For the past few decades, China has relied on exports and capital investment to keep the economy ticking over. But that model is unsustainable and the leaders are looking to the country’s 668 million internet users – equivalent to about half the population – as the greatest potential source of consumption-driven expansion.

Free access to information through the internet becomes a challenge to the Chinese leaders when they face a dilemma constantly, to open the internet at the price of losing ground in public opinion or block the internet to guarantee safety through the mainstream media-led party line
Li Xigen, Hong Kong academic

The official enthusiasm for the internet’s economic potential is in sharp contrast to the government’s fears about its political power. Xi has imposed the strictest censorship on online discussions and launched campaigns to crack down on dissenting opinions.

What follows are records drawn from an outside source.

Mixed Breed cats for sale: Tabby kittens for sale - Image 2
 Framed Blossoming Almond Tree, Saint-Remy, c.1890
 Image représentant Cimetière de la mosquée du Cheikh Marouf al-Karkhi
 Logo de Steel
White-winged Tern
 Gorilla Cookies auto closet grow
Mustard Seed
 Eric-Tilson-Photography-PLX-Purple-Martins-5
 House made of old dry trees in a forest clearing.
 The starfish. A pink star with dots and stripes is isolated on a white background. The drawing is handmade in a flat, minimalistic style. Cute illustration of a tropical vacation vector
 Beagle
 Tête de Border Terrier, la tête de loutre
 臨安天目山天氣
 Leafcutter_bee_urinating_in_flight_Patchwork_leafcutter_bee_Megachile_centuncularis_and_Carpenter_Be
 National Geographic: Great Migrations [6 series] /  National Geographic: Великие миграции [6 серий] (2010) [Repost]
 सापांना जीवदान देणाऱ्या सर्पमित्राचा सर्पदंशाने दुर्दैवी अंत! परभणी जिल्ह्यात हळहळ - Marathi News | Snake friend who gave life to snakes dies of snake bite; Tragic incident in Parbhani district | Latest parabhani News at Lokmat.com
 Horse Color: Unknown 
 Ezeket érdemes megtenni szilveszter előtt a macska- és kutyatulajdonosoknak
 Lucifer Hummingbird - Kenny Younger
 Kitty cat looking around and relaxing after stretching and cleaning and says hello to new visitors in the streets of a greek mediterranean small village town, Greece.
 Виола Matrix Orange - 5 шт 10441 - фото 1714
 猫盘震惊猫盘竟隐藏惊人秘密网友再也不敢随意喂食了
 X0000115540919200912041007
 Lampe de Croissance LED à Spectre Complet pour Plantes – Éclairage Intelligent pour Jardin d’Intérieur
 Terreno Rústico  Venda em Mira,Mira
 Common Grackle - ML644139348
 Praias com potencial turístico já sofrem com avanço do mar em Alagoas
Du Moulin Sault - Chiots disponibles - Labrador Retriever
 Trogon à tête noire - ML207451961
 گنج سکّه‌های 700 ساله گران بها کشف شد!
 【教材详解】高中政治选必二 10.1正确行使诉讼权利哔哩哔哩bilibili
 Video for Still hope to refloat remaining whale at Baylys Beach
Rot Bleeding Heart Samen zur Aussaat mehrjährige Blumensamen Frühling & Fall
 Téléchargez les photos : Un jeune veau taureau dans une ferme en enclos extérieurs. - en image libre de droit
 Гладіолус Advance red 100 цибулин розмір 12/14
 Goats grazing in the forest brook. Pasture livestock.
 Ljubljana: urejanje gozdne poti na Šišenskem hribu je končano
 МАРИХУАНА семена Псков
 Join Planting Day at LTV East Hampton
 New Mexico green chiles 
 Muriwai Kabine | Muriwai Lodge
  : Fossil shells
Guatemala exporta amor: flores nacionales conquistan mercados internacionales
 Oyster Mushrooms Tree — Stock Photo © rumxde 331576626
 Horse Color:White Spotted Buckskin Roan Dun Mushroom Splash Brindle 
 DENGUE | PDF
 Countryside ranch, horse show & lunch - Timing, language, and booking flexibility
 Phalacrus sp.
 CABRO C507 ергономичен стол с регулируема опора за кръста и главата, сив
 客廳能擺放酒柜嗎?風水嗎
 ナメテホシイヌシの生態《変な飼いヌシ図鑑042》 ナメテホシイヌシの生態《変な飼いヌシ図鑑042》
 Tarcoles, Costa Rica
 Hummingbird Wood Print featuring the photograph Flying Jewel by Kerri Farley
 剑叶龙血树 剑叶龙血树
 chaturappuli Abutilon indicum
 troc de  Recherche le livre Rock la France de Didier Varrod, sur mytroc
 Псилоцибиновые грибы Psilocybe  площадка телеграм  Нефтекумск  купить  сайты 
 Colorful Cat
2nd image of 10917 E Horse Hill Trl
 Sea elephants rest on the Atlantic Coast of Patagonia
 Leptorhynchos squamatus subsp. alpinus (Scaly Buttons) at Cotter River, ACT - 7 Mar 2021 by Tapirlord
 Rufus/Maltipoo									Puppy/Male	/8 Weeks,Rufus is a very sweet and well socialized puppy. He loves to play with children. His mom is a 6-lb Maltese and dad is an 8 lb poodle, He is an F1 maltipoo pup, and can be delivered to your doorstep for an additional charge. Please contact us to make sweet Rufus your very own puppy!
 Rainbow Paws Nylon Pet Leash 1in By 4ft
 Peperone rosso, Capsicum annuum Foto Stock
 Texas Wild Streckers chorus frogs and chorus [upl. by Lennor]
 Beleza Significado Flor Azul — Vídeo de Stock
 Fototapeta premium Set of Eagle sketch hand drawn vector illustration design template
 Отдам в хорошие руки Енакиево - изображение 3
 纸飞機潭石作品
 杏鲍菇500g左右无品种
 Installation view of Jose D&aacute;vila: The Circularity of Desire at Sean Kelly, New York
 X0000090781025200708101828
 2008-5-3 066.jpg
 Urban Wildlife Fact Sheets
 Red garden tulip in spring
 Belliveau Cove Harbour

Yang Peidong, postdoctoral fellow at Nanyang Technological University, in Singapore, said that the governing of the online discursive space during Xi’s era involved not only censorship, but also the mobilisation of more constructive and proactive tactics, such as guiding public opinion under the catchphrase “positive energy”.

“The latter represents a more sophisticated approach compared to censorship, because it seeks to create consensus and identification between the state and netizens,” Yang said.

Li Xigen, associate professor at City University’s department of Media and Communications, said that while all the attempts to further develop the internet to facilitate information exchange for various purposes was plausible, the blocking of a sizable number of information websites through the internet Great Wall put China back to the starting point.

“Free access to information through the internet becomes a challenge to the Chinese leaders when they face a dilemma constantly, to open the internet at the price of losing ground in public opinion or block the internet to guarantee safety through the mainstream media-led party line,” Li said.

It remains a question whether the Chinese leaders will realise that free flow of information is not only the foundation of economic development, but also for social advancement
Li Xigen, Hong Kong academic

While the government says its campaigns are designed to eliminate slander and pornography, state censors have often focused on removing information they believe might undermine the Communist Party’s credibility and affect social stability.

As a result, Freedom House puts China 58th out of 60 countries in its “Freedom on the Net 2013” report, ahead of only Iran and tied with Cuba. The international media freedom group Reporters Without Borders had called for a full boycott of China’s hosting of the internet conference, describing China as the world’s No 1 “enemy of [the] internet”.

“It remains a question whether the Chinese leaders will realise that free flow of information is not only the foundation of economic development, but also for social advancement,” Li said.

Beijing sees the conference as China’s “coming out party”, with organisers intent on making the annual event the internet industry’s equivalent of Davos’ World Economic Forum.

China has been working hard to strengthen its vision of the internet as a space, like physical territory, that should be divided up along national lines and governed however each country sees fit.

However, human rights groups say Beijing is using the forum to influence global internet governance in ways that would curb freedom of expression and exacerbate rights abuses.

At the inaugural World Internet Conference last year, also held in Wuzhen, a last-minute effort to issue a declaration with a statement calling on the international community to “respect the internet sovereignty of all countries” and “widely spread positive energy” failed to pass.

The question this year is will that be the end of it?